Estado autoritário.

 

Quando, no noticiário, certas palavras e expressões começam a surgir com frequência, não tenhamos dúvida: é um claro sinal de que algo não vai bem no agora ameaçado campo da democracia. Depois das primeiras vidraças partidas, os inimigos avançam ousadamente. Por isso, um dito rural tem sido lembrado alto e bom som: onde passa boi, passa boiada. Não estamos no igualmente ameaçado Pantanal, estamos é num pântano mesmo, onde se confundem terras firmes e movediças, ou alagadas, ou cada vez mais movediças.

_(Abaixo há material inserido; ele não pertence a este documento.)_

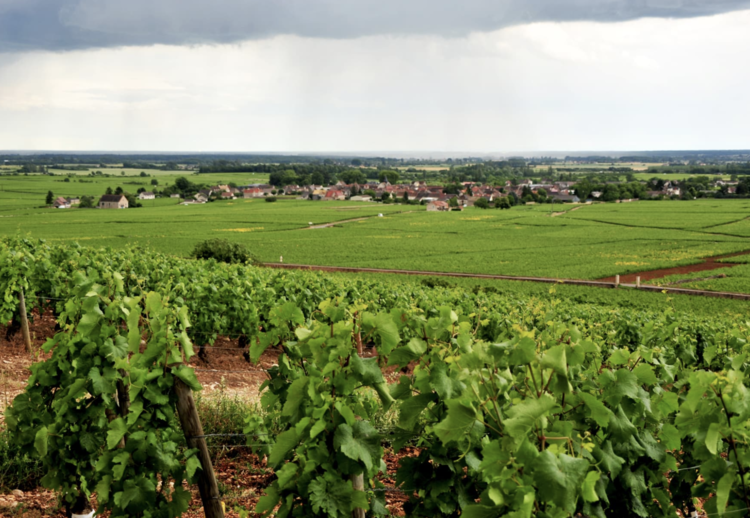 White Burgundy Bourgogne Blanc, "Cuvee Saint-Vincent", Girardin, Burgundy, FR, 2021
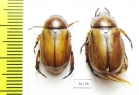 Rutelinae sp.  Thailand - INSECTS-STORE.RU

Vale a pena recordar as expressões e as palavras que remetem à opacidade do atual governo da República, eis algumas: “O Palácio do Planalto não deu retorno”; “A Presidência da República não se manifestou sobre o assunto” (nem vai se manifestar!); “100 anos de sigilo”; “orçamento secreto”; “gabinete paralelo”. É claro que a ideia de “paralelismo” também aponta para algo que de imediato não se faz visível, que se esconde, que não é oficial. Evidentemente, não foi apenas o atual governo que criou essa postura; o que se precisa dizer é que tal postura, aliás hoje nada sigilosa, tornou-se uma espécie de ordem do dia ou está na ordem do dia. Estranha ordem num regime democrático! À medida que a “ordem” prospera e é acatada, o único progresso que se observa é o da autocracia.

Num conciso livro de 2011, “Democracia e segredo”, Norberto Bobbio nos ajuda a pôr alguns pontos nos ii. Com efeito, logo no início do primeiro ensaio, o pensador italiano vai ao ponto: “A democracia é idealmente o governo do poder visível, isto é, do governo cujos atos se desenrolam em público e sob o controle da opinião pública”. Essa visibilidade ou transparência inerente ao regime democrático é tão elementar que implica uma postura já esperada do agente público. Daí a pergunta de Bobbio: “Que homem político poderia converter em máxima pública e declarar abertamente, no momento mesmo em que tomasse posse de seu cargo, que se apropriará do dinheiro público?”. Eis, explica o mestre italiano, “[…] que o escândalo consiste em tornar público um ato que havia sido mantido em segredo porque, uma vez tornado público, não poderia ter sido realizado, e portanto tinha no segredo a condição necessária para sua efetivação”.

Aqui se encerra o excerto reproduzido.